:: Task objective ::
Reproduce exactly, leaving out pictures, each line from the one holding "710 S Fremont" through the final line of the listing, and add nothing.

*** Given information ***

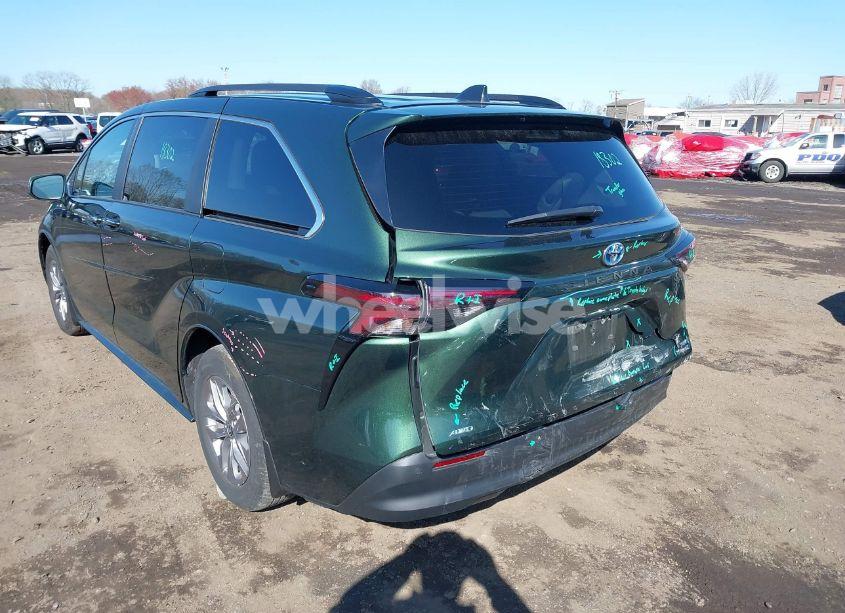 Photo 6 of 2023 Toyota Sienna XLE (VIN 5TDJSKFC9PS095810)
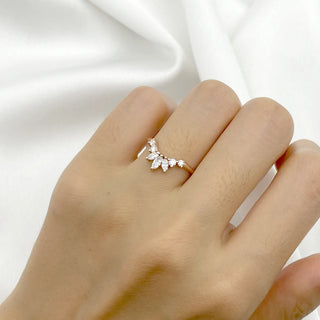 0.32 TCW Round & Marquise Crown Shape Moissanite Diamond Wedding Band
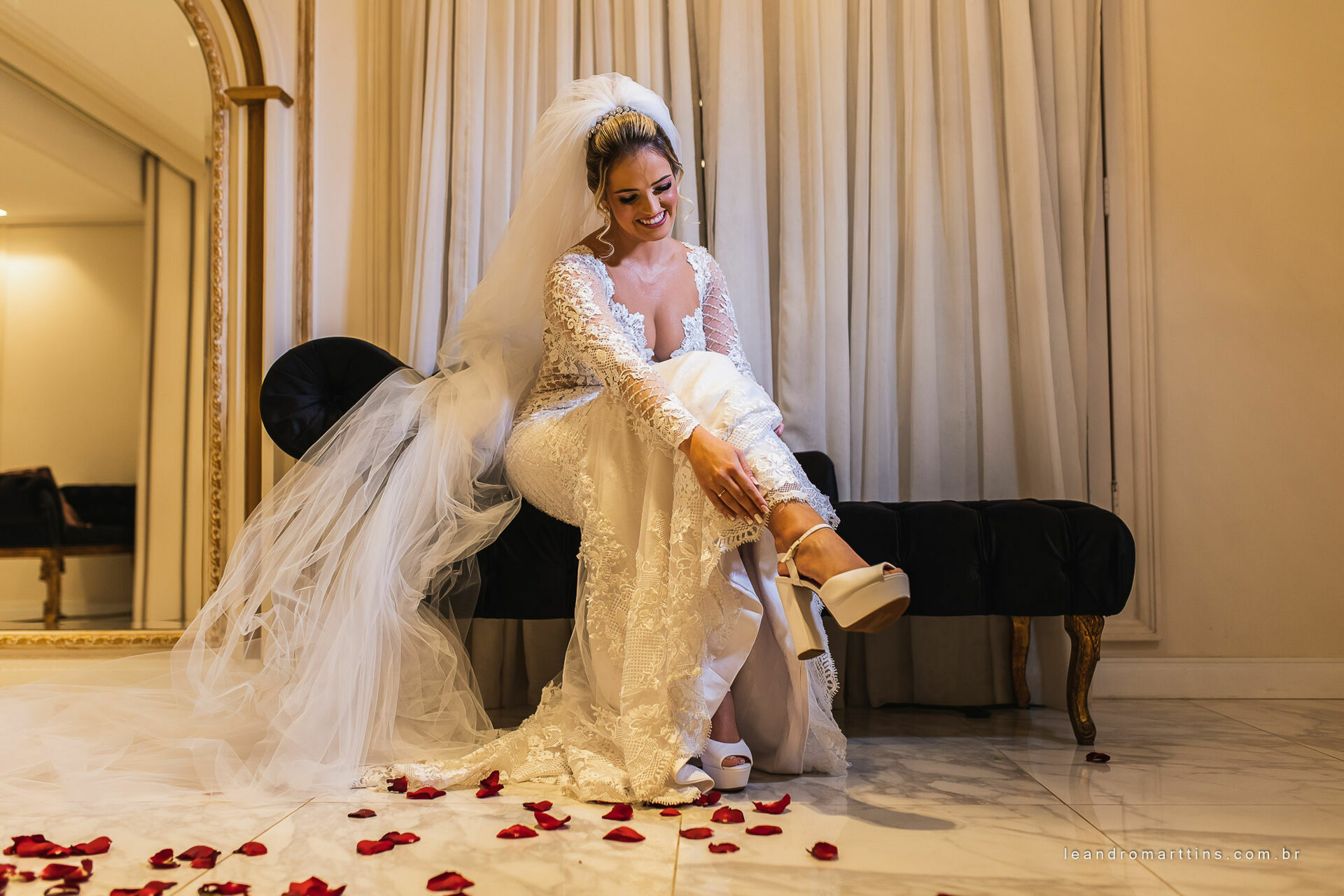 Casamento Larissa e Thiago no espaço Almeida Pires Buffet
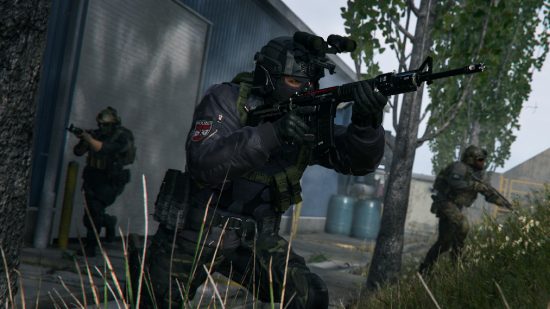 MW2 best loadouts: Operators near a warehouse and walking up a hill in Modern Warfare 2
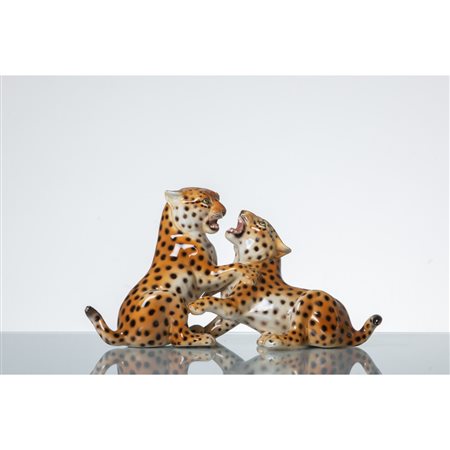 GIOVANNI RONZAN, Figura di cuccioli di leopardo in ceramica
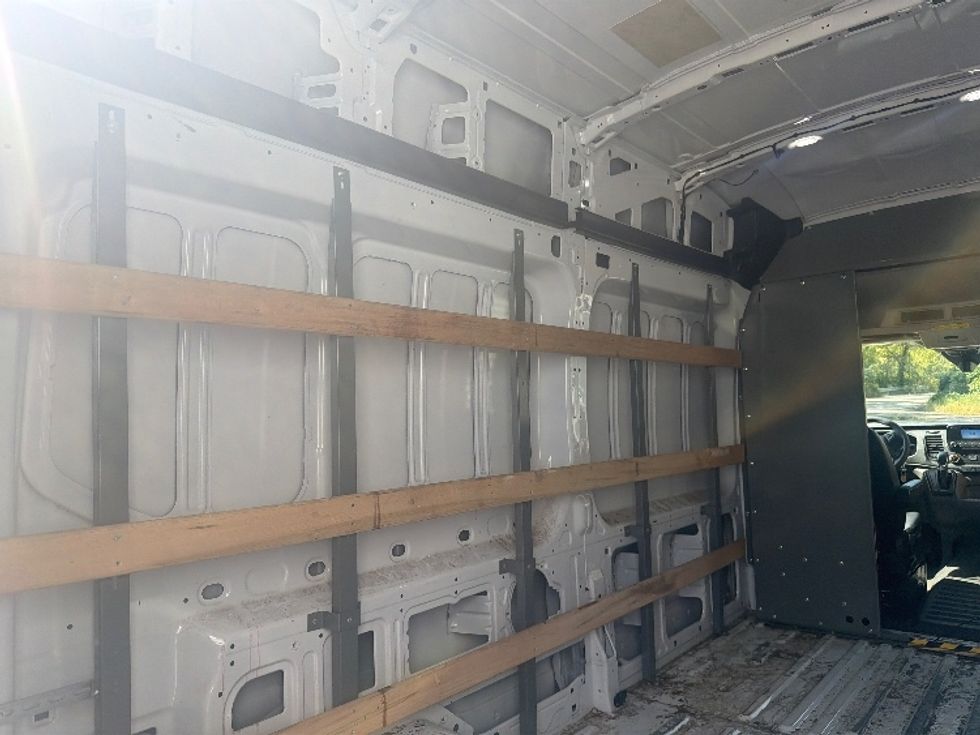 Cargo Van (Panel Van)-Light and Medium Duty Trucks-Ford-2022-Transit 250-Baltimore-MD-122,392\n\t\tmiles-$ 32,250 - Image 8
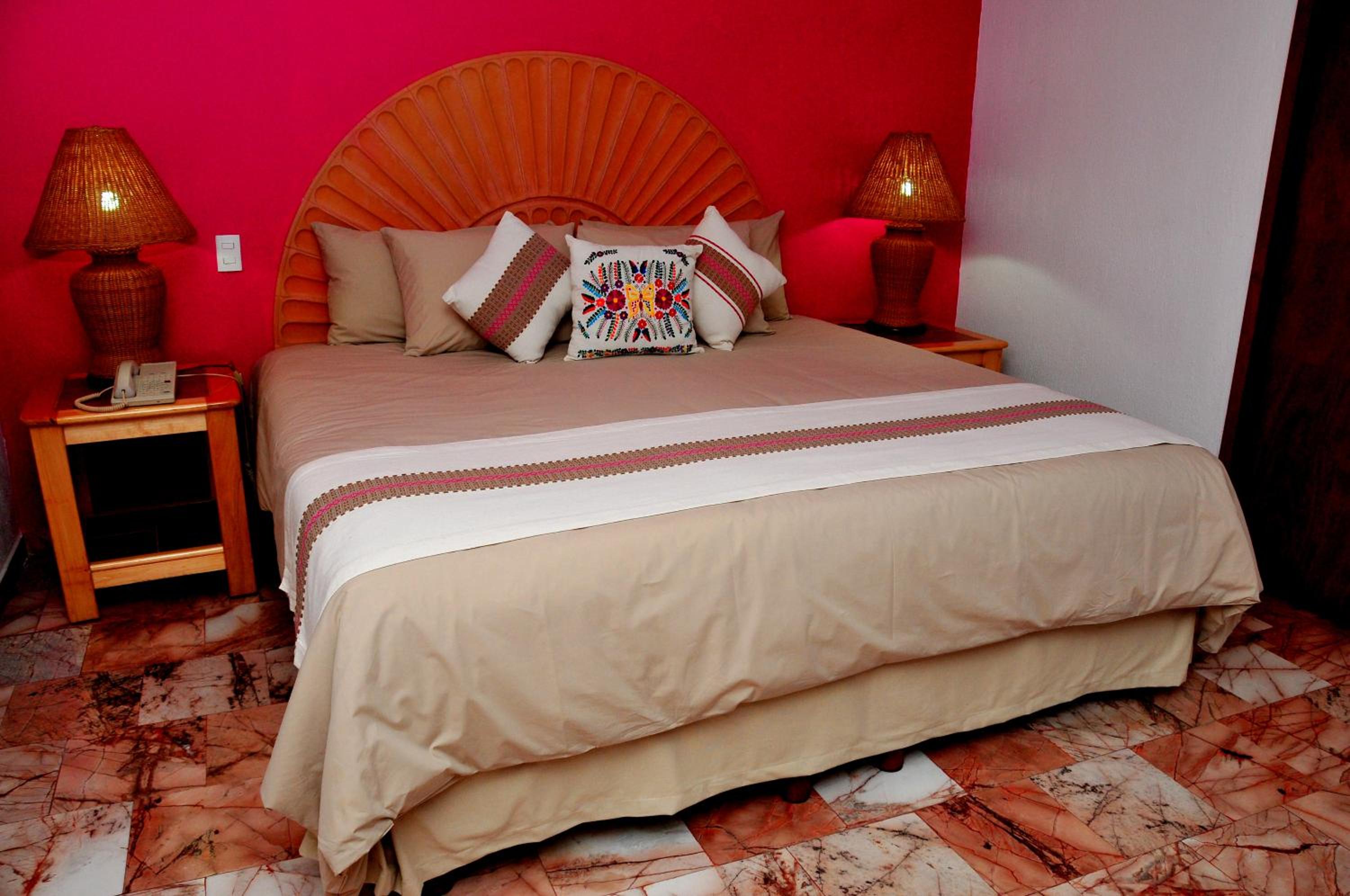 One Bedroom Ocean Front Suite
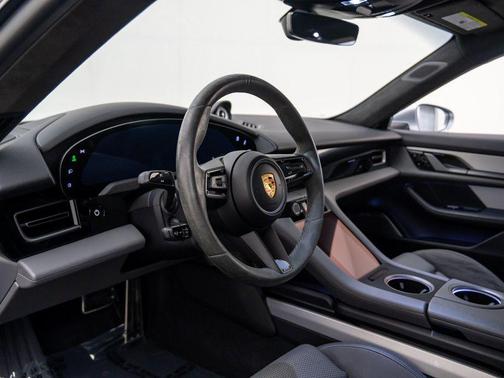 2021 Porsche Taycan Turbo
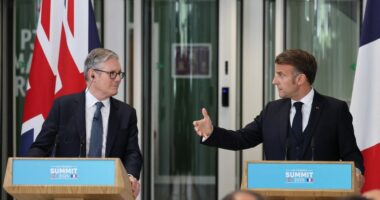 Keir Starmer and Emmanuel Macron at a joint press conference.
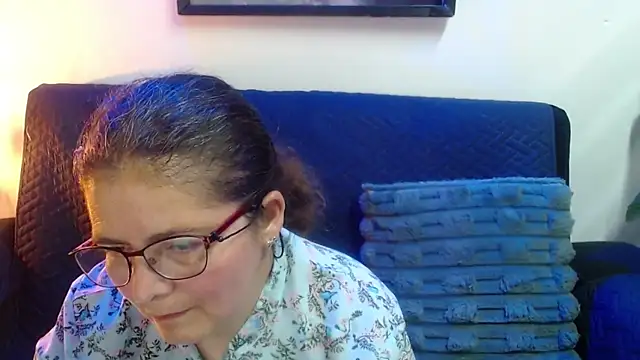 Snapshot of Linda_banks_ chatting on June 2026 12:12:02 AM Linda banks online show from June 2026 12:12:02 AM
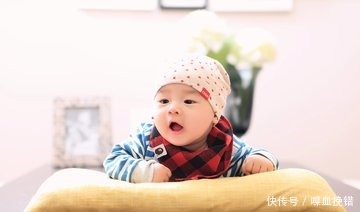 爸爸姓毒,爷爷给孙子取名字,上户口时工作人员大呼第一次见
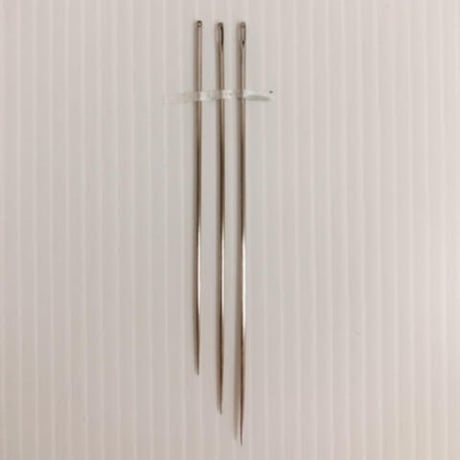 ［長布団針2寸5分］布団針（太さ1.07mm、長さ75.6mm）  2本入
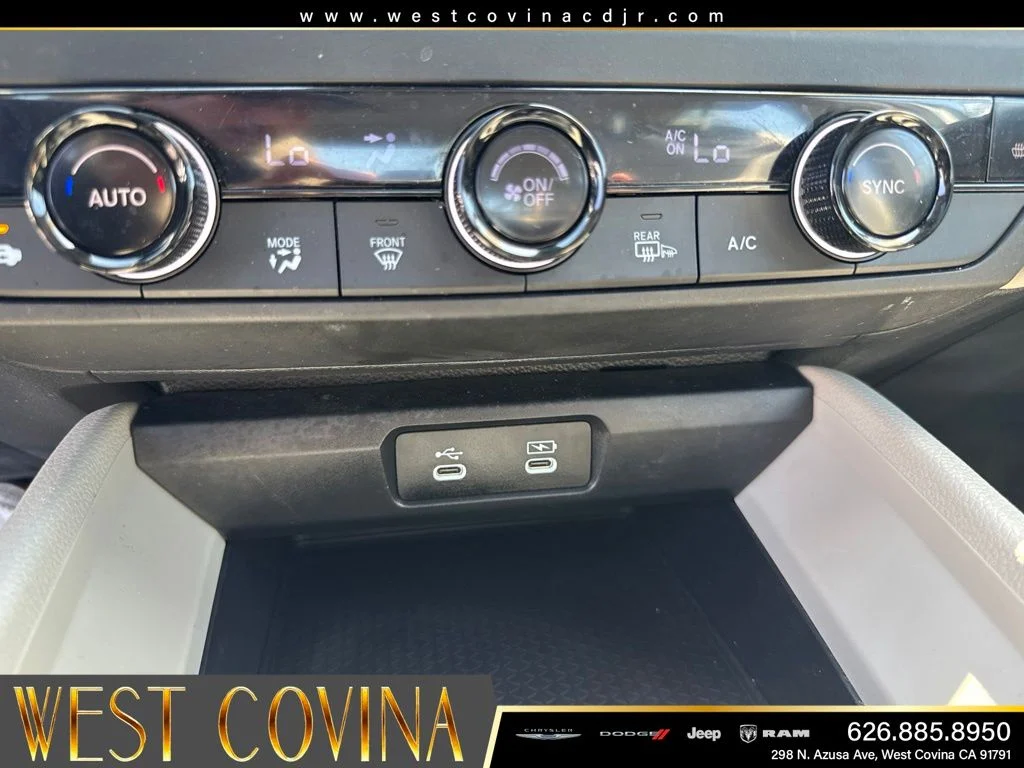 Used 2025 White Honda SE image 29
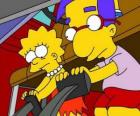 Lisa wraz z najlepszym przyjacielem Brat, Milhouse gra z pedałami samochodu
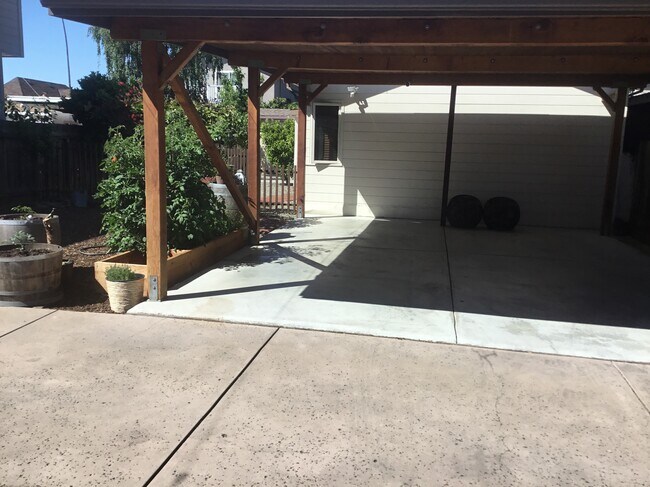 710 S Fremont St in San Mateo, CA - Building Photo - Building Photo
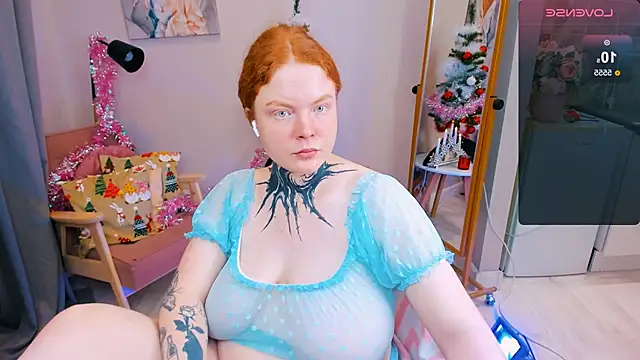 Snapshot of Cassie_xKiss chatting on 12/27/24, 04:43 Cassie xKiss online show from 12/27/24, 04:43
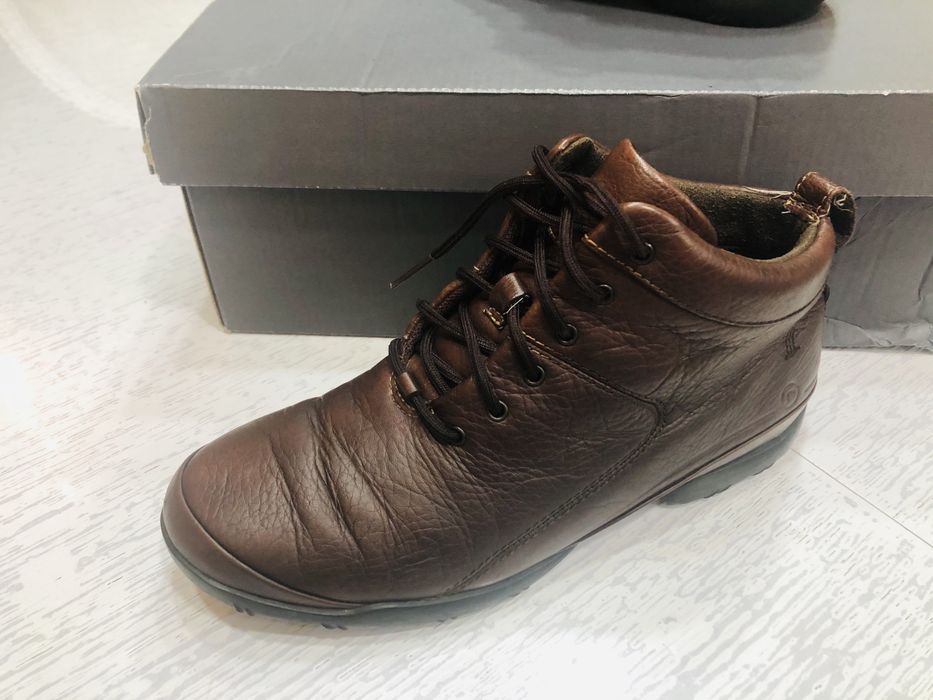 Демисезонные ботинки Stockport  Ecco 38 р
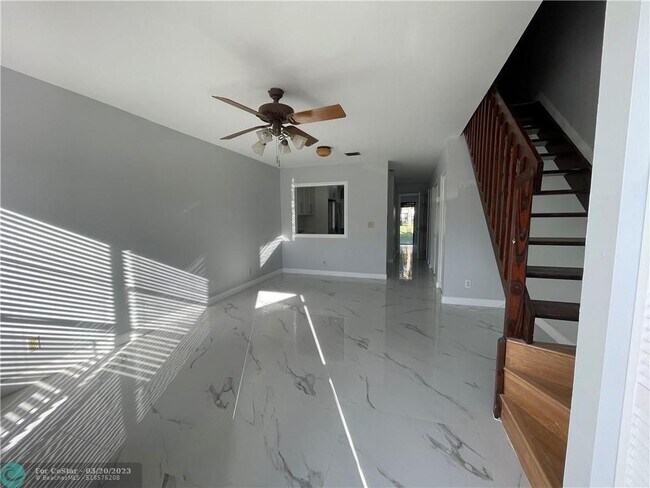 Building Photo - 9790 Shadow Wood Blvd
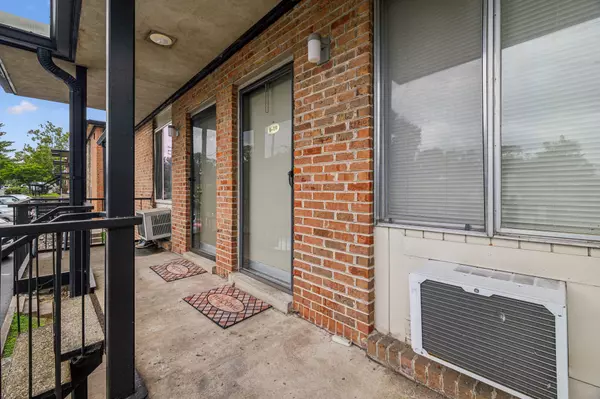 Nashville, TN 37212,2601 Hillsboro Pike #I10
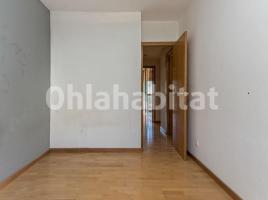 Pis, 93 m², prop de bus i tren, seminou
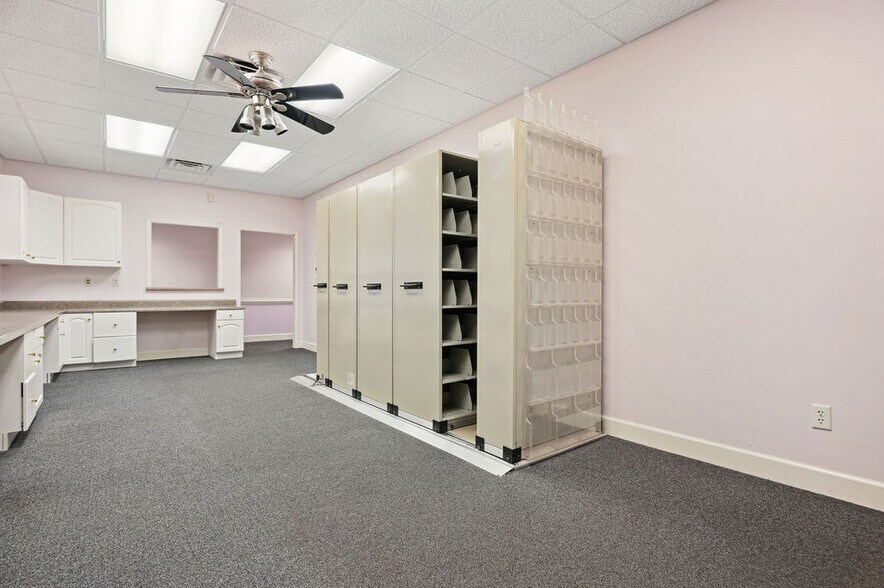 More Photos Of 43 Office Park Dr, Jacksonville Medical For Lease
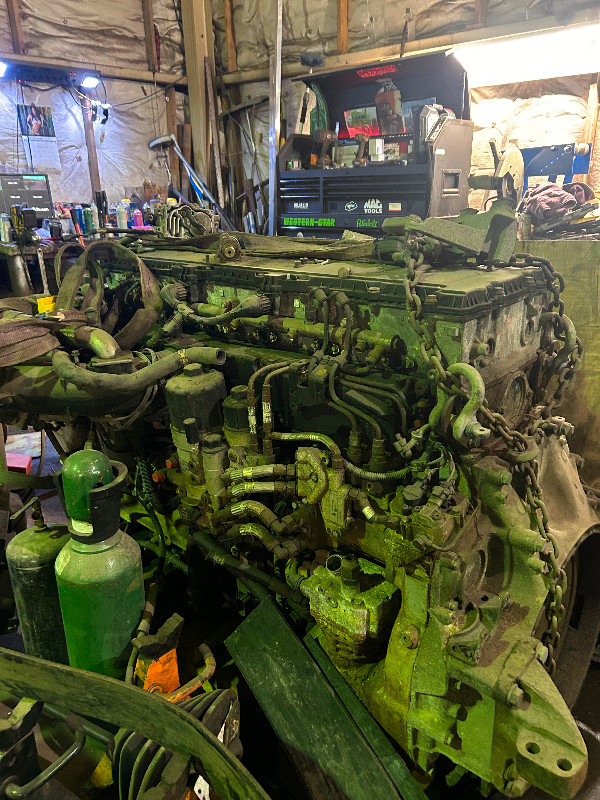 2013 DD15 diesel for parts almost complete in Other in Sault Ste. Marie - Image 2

*** End of Given information ***

:: Final answer ::
 710 S Fremont St in San Mateo, CA - Building Photo - Building Photo
 Snapshot of Cassie_xKiss chatting on 12/27/24, 04:43 Cassie xKiss online show from 12/27/24, 04:43
 Демисезонные ботинки Stockport  Ecco 38 р
 Building Photo - 9790 Shadow Wood Blvd
 Nashville, TN 37212,2601 Hillsboro Pike #I10
 Pis, 93 m², prop de bus i tren, seminou
 More Photos Of 43 Office Park Dr, Jacksonville Medical For Lease
 2013 DD15 diesel for parts almost complete in Other in Sault Ste. Marie - Image 2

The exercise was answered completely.